ガソリンスタンドが客単価を向上させた事例~「選択と集中」「権限移譲」を実践

コラム

1.ガソリンスタンドが客単価を向上させた事例~「選択と集中」「権限移譲」を実践~

■ガソリンスタンドの特徴と課題

 この記事では、ガソリンスタンドが客単価を向上させた事例を紹介します。ガソリンスタンドは、営業時間が長く、アルバイトスタッフが多いという特徴がありますが、それをどのように活かせば、客単価を上げることができるのでしょうか。
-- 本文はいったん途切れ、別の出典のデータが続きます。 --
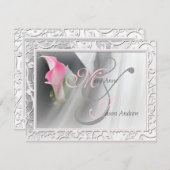 Calla Rose Lily Flourdissant Faire-part de mariage (Devant / Derrière)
 今回は、あるガソリンスタンドの事例をもとに、選択と集中という経営戦略と、権限移譲という人事戦略の効果を解説します。

■事例企業の概要

 そのガソリンスタンドは、正社員として店長含め3名、アルバイトスタッフは30名という布陣で営業していました。ガソリンや軽油といった燃料油の販売量は全盛期に比べると半減していましたが、今回お伝えする取組みで客単価を倍増させました。

 ガソリンスタンドが抱える課題として、オイルやタイヤなどのガソリン以外の商品(油外商品)をいかに販売して客単価を上げるか、が挙げられます。しかし、これらの商品販売は、多くの場合、知識や技術が必要なので、同店は正社員が担当していました。

 また、ガソリンスタンドを営業するには、危険物取扱者の資格保持者が店舗にいることが必要ですが、同店ではその資格を持つ人材は正社員だけでした。

■「選択と集中」と「権限移譲」

 そのガソリンスタンドの営業時間は、7:00~23:00でしたが、9:00~20:00の間に油外商品がよく売れることが分かりました。そこで同店店長は、この時間帯に正社員を多く配置すれば、客単価が上がると考えました。

 そこで、23:00まで勤務する夜勤のアルバイトスタッフに危険物取扱乙種第4類の資格を取得してもらい、閉店業務を任せることにしました。これにより、正社員は23:00まで勤務をしなくて済むようになり、早い時間からシフトに入ることができるようになりました。

 よって、9:00~20:00の時間帯に正社員の勤務を集中させるとともに、夜勤のアルバイトスタッフには資格手当や権限を付与しました。

 この結果、油外商品の販売を大幅に増やし、客単価を向上させることができました。さらに、複数のアルバイトスタッフも危険物取扱者の資格を取得し、閉店業務を分担することで、特定のスタッフだけに負担をかけることをなくすことができました。

■まとめ

 この記事では、ガソリンスタンドの客単価向上の事例を紹介しました。客単価が高まる時間帯に正社員を多く配置することで、油外商品の販売を増やし、効果を上げることができました。これは、選択と集中という経営戦略の一例といえます。

 ただし、選択と集中のデメリットとして、選択と集中から漏れた領域に関わる人材の流出や反発を招く可能性が挙げられます。そこで、夜勤のアルバイトスタッフへ資格手当を用意し、閉店業務を任せました。

 これにより、スタッフ自らの裁量で仕事ができる範囲を広げ、大きなモチベーション要因となりました。これは、権限移譲という人事戦略の一例といえます。ガソリンスタンドの経営者やマネージャーの方は、ぜひ参考にしてみてください。